> **Task description**
An exact copy of the entries, with every picture omitted, is what is needed here.

> **Web page caption snippets**
"""

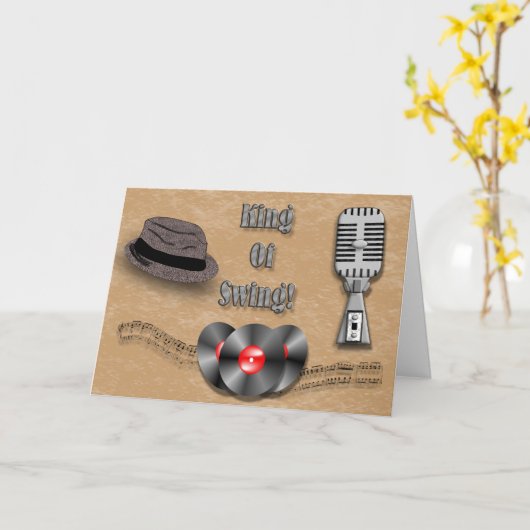 Of Swing王 カード (黄色い花)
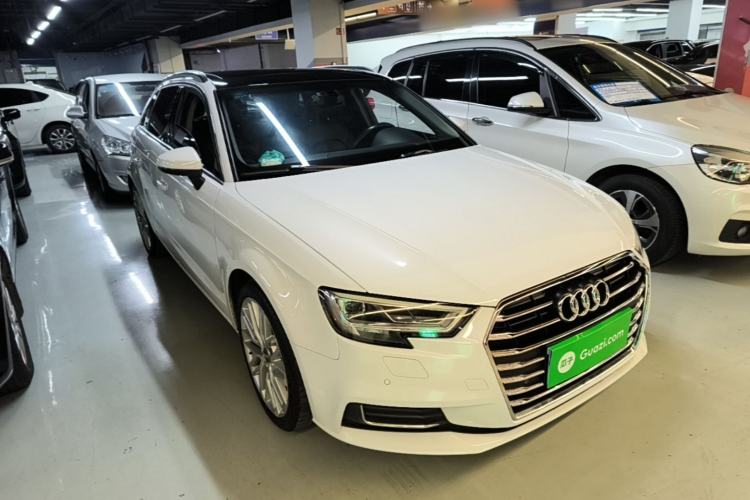 Used Audi A3 2017 Sportback 35 TFSI Style Edition Front Right 45 Deg
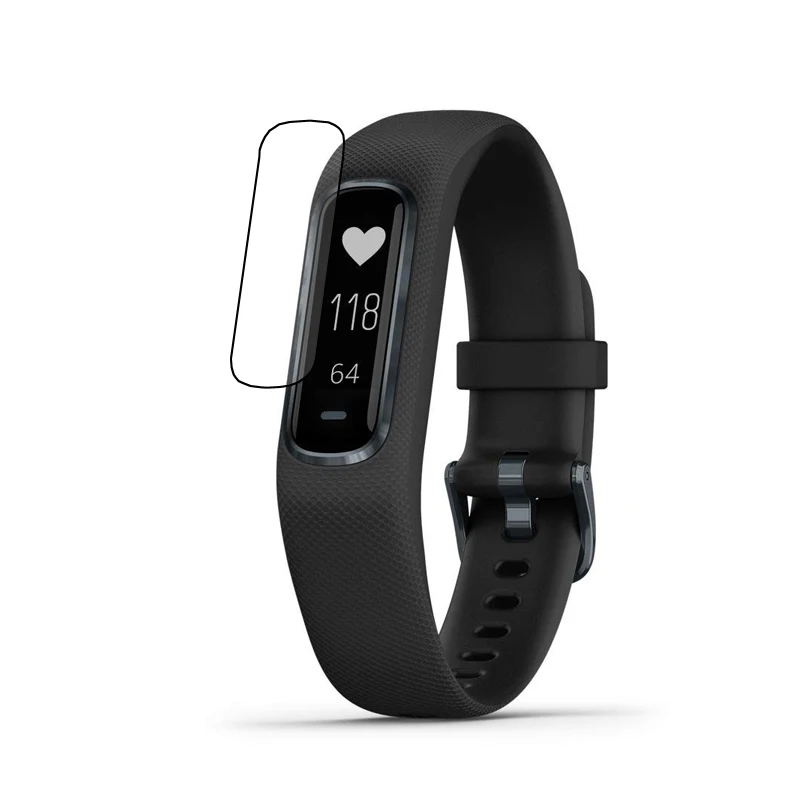 3x прозрачная защитная пленка для ЖК экрана Garmin Vivosmart4 Vivosmart 4 Smartwatch аксессуары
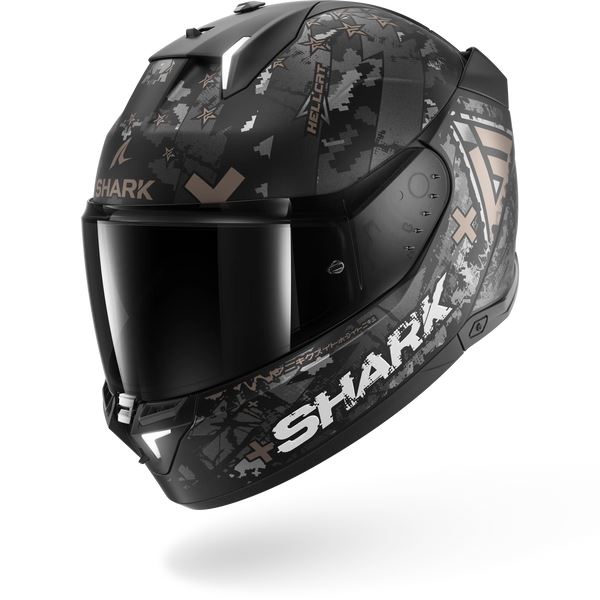 Shark Skwal I3 Hellcat Matte Black Chrome Anthracite (KUA)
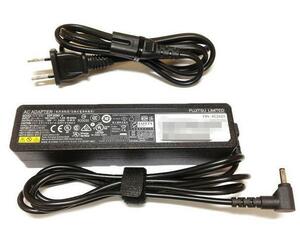 FUJITSU ADP-65MD A FMV-AC342A 19V 3.42A 65W 3.5mm×1.3mm 富士通 ARROWS Tab用 ACアダプター 動作保証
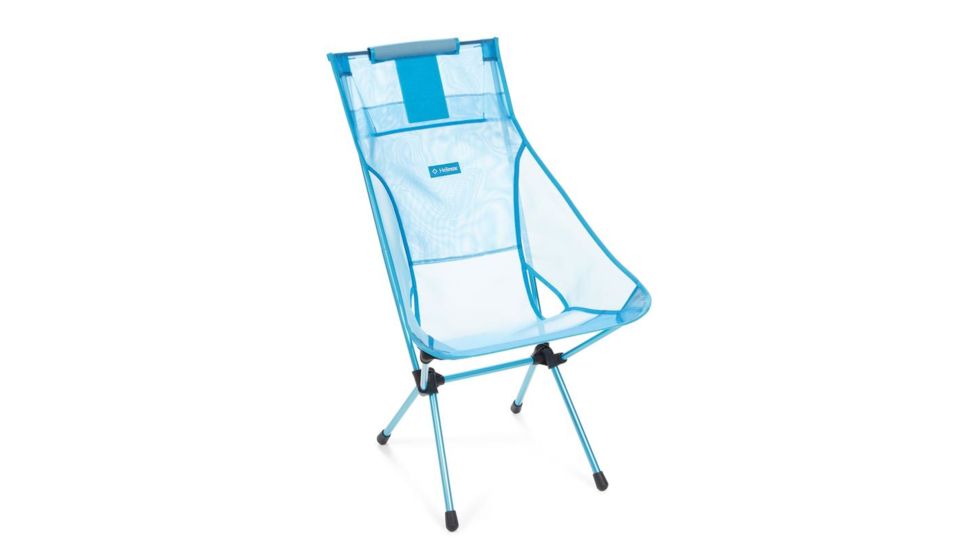 Helinox Sunset Camping Chair, Blue Mesh, 11167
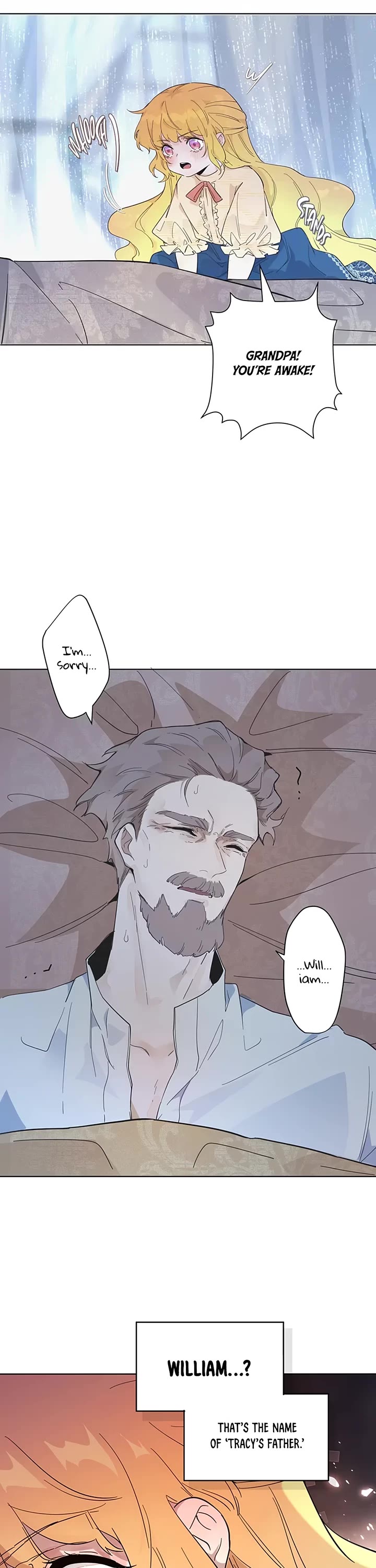 Becoming the Queen at the Age of Six Chapter 26 page 27 - Chapter 26: Father and Son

"""

> **Written solution**
 Of Swing王 カード (黄色い花)
 Used Audi A3 2017 Sportback 35 TFSI Style Edition Front Right 45 Deg
 3x прозрачная защитная пленка для ЖК экрана Garmin Vivosmart4 Vivosmart 4 Smartwatch аксессуары
 Shark Skwal I3 Hellcat Matte Black Chrome Anthracite (KUA)
 FUJITSU ADP-65MD A FMV-AC342A 19V 3.42A 65W 3.5mm×1.3mm 富士通 ARROWS Tab用 ACアダプター 動作保証
 Helinox Sunset Camping Chair, Blue Mesh, 11167
 Becoming the Queen at the Age of Six Chapter 26 page 27 - Chapter 26: Father and Son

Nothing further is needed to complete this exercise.